Она помнила руками. Это была не поза и не упрямство — это была дисциплина, такая же, как у пианиста или у хирурга. Узел стоял и у неё, у всех стоял, его ставили в младенчестве; но Вера почти им не пользовалась, нарочно, годами, и оттого её собственная, биологическая память не атрофировалась, как у других, не одрябла за поколение безделья. Она помнила телефоны. Помнила дороги. Помнила лица — своей памятью, той, что в голове, а не той, что в облаке. «Чудачка», — говорили про неё, и в этом слове была жалость, как к человеку, который зачем-то таскает воду из колодца, когда есть кран.

Под лупой кадр был прекрасен и обречён: молодая женщина смеялась, запрокинув голову, в каком-то давно снесённом дворе, и эмульсия на её лице уже пошла мелкой сеткой, будто старость наконец догнала её сквозь шестьдесят лет. Вера работала медленно, кисточкой, дыша ровно. Серебро темнеет от человеческого тепла — поэтому перчатки, поэтому холодные руки лучше тёплых, поэтому она и сама была немного холодна, привычно, по-рабочему.

Она домывала границу пятна, когда монитор на стене — она держала его для оцифровки, не любя, — тихо моргнул. На нём шёл фоновый процесс: оцифрованные накануне кадры уходили в облачный архив клиента. И вот теперь в превью что-то пошло не так. Лицо смеющейся женщины на экране на долю секунды стало другим лицом — мужским, незнакомым, — и вернулось. Потом двор за её спиной мигнул и сделался другим двором, с пальмой, которой здесь быть не могло, и снова собой.

Вера выпрямилась. Сняла лупу.

Так не сбоит файл. Файл рвётся, рассыпается в квадраты, зеленеет — но он не подменяет одно лицо другим, целым, осмысленным, чужим. Подменить лицо на другое лицо может только то, что хранит лица рядом. Только ссылка может показать не тот объект.

На экране ничего больше не происходило — смеющаяся женщина смеялась, двор был двором. Вера постояла, глядя на чёрное стекло, в котором отражалась её собственная неподвижная фигура с серыми руками. Жёлтый навес. Чужой шрам. Лицо, подменённое лицом.

Она не сказала себе ещё ничего — у неё не было слов, было только ощущение, физическое, как сквозняк по затылку. Что-то протекало. Не у Адама. Не в её студии. Где-то в самом низу, в общем, в том, что у всех одно на всех.

3

Над рабочим столом, на полке, стояла коробка, которую Вера не открывала.

Жестяная, из-под чая, с поблёкшим китайским рисунком на крышке; на ней лежал маленький латунный замочек, давно не запиравшийся, просто положенный сверху, как камень на крышку колодца.
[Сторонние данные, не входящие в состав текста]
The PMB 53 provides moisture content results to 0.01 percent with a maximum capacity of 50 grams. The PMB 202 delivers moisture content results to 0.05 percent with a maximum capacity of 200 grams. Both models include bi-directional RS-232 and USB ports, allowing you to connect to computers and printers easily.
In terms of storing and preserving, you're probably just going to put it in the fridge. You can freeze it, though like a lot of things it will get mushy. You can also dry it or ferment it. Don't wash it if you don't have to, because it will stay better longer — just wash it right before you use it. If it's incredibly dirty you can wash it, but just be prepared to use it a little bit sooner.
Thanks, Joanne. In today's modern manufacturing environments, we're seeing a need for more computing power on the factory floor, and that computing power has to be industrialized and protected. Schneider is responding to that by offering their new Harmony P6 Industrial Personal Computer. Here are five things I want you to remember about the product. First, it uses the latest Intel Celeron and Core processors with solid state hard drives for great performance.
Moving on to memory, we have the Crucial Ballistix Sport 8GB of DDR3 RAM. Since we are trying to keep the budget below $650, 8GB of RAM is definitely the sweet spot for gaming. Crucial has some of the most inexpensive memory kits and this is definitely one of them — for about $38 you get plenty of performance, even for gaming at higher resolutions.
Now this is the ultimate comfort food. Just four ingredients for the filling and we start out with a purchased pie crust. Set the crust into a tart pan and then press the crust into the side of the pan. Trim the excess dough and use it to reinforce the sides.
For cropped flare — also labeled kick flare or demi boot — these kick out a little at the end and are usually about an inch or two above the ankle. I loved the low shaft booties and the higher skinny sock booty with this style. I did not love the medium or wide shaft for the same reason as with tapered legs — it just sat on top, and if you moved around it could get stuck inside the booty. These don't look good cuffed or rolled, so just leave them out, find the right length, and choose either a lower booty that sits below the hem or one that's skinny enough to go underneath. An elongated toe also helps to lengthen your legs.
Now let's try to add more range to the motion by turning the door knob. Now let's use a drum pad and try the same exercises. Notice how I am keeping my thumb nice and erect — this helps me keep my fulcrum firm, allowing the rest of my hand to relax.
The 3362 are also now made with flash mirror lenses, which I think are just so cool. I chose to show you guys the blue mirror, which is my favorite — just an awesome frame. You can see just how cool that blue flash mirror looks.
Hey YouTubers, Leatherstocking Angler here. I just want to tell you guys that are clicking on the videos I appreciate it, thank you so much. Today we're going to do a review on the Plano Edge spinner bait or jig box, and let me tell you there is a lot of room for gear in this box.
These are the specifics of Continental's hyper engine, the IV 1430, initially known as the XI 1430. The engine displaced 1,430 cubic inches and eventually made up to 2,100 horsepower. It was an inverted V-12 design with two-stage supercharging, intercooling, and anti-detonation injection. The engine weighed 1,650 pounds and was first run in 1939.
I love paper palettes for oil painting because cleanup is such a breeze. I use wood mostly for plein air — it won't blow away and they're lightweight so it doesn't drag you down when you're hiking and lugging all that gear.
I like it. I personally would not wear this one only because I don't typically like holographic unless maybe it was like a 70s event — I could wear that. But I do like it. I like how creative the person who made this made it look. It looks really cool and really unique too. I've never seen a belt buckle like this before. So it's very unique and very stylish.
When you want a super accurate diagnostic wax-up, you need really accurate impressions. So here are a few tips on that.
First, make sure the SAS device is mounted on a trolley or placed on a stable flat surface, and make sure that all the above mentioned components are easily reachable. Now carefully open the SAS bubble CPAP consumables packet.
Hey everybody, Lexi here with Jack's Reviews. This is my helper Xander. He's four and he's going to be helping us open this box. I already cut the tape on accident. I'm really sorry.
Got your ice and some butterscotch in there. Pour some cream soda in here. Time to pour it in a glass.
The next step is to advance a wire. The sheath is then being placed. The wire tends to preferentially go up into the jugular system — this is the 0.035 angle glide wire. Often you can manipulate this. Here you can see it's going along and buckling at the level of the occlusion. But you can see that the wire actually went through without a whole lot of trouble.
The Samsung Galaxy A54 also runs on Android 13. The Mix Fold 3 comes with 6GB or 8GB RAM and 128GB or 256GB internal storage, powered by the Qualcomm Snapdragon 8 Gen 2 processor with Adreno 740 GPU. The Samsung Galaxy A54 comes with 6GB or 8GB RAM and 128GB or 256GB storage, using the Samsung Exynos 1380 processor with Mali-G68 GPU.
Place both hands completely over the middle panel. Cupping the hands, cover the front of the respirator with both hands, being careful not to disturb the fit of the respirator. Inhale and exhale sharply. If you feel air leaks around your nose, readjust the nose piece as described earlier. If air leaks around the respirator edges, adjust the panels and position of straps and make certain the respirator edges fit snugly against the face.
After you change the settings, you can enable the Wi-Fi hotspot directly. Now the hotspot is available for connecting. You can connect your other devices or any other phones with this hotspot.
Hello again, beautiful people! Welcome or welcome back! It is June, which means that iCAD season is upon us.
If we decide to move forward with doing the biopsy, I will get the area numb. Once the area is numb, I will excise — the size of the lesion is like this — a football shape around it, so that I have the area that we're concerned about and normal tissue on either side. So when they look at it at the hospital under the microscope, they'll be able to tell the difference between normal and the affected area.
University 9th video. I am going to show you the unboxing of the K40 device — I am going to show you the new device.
В коробке была плёнка — не заказная, своя, — и снимки, и одно письмо, и узкая полоска из четырёх кадров, какие делает фотобудка за монетку: четыре раза подряд, бах-бах-бах-бах, пока сидишь на крутящемся стульчике и смеёшься.

Вера не открывала коробку, но знала её наизусть, как знают больной зуб языком.

Она не собиралась её трогать и сегодня. Но руки, домыв пятно, сами потянулись наверх — может, от усталости, может, оттого, что чёрное стекло монитора слишком долго держало её собственное отражение, — и сняли коробку с полки, и поставили на стол, и сдвинули замочек. И прежде, чем она успела себя остановить, память поднялась сама, без всякого Узла, целиком, как поднимается из глубины большая рыба:

Тиму четыре. Они в кухне, утро, косой свет. Он сидит на полу и строит из деревянных катушек башню, очень сосредоточенно, высунув кончик языка — этот язык он унаследовал у Адама, тот же жест, та же сосредоточенность, — и башня падает, и он не плачет, а смеётся, потому что падать — это и есть самое смешное, и поднимает на неё глаза, и говорит: «Мама, ещё». И тянет к ней руку, требуя, чтобы она тоже строила, и рука у него тёплая, и в ладошке отпечаталась катушка, маленький кружок, и Вера берёт эту руку —

Она помнила его руку. Вес её помнила. Температуру. Это была её память, в её голове, выношенная, никем не дедуплицированная, потому что такой руки больше не было ни у кого на свете и ссылку на неё было поставить не на что.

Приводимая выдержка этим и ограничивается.